Robert Forster: Songs To Play

A new album by Robert Forster is almost always a challenge before it becomes a pleasure. For a start, there’s that voice, which hits fewer notes than Lou Reed on a less than perfect day. So there isn’t a great deal of melody, unlike the songs of Forster’s former songwriting partner in the Go-Betweens, the late Grant McLennan, who wrote the majority of that band’s better-known, poppier material.

But, as Forster admonishes on Songs To Play’s brisk opener, Learn To Burn, “You can miss details when you’re in a hurry.” Forster rarely writes obvious songs; the type that get your foot tapping and rattle around your head for days. Instead he writes songs, and records, that creep up and throttle you from behind. And he almost never writes duds.

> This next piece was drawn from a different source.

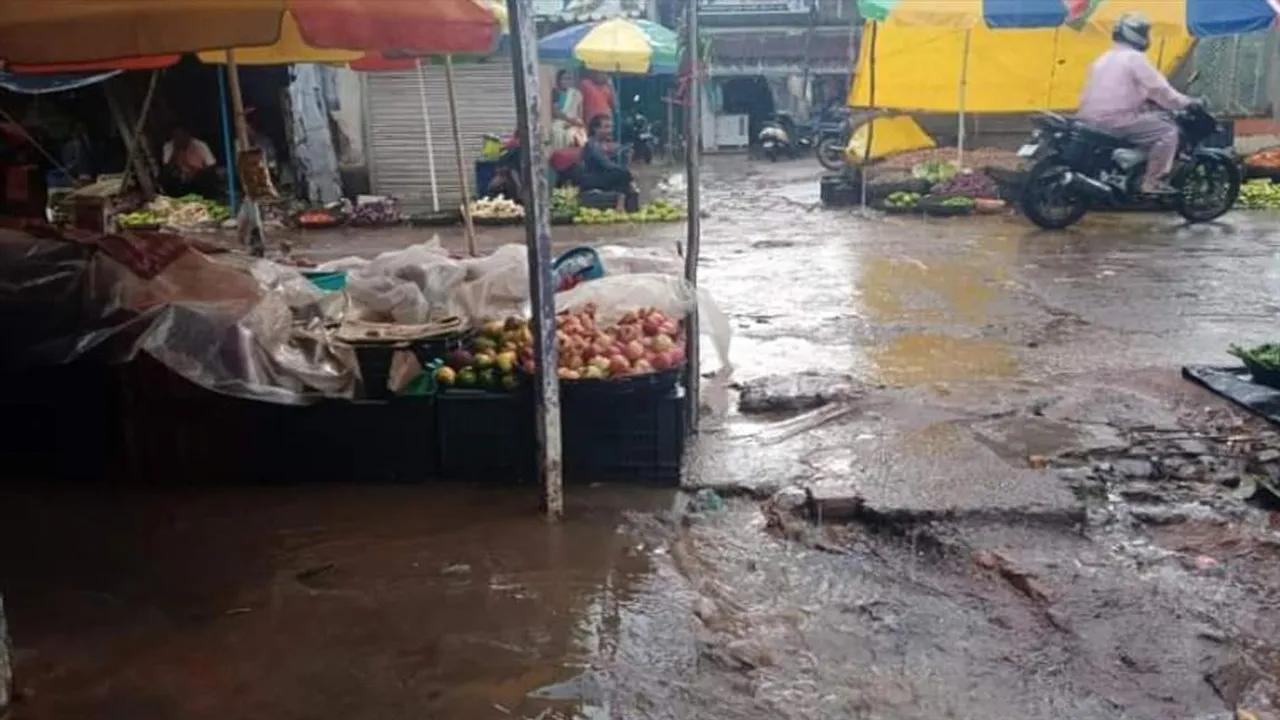 চন্দ্রকোনারোড বাসষ্ট্যান্ড মানেই নরকের বিভীষিকার সেই ভীষন রূপ চাক্ষুষ প্রত্যক্ষ করা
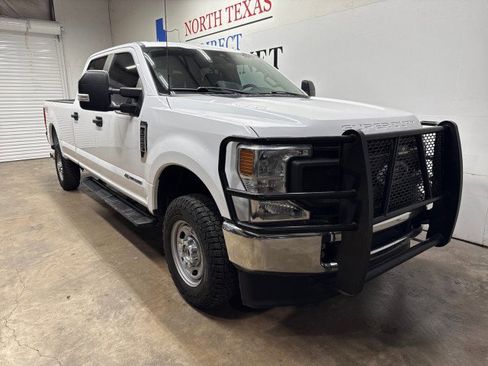 Used 2022 Ford F250 XL w/ Power Equipment Group image 3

My first feeling upon listening to Songs To Play was of disappointment, especially coming after The Evangelist, the masterpiece Forster had to make following McLennan’s premature death in 2006. This is his first album in seven years, and though far more upbeat, I found myself waiting for it to finish, which didn’t take long. Then, as soon as it did, I played it again.

Forster’s albums are like that. You think there’s not much going on, only to find the songs growing upon you as inexorably as vines around an abandoned building. The music is lean and understated; the lyrics, as ever, are penetrating and compelling. Imagine Reed narrating a Talking Heads album (it could be ’77 or True Stories) and you’re getting close to the feeling of Songs To Play.

For this album, Forster has moved on from long-serving collaborators Adele Pickvance and Glenn Thompson and instead used members of Brisbane’s John Steel Singers, as well as his wife Karin Bäumler (who plays some sumptuous violin) and his 17-year-old son Louis. There are bits of glockenspiel, Mariachi horns on A Poet Walks, and lots of backing vocals throughout. Songs turn on the lightest of touches.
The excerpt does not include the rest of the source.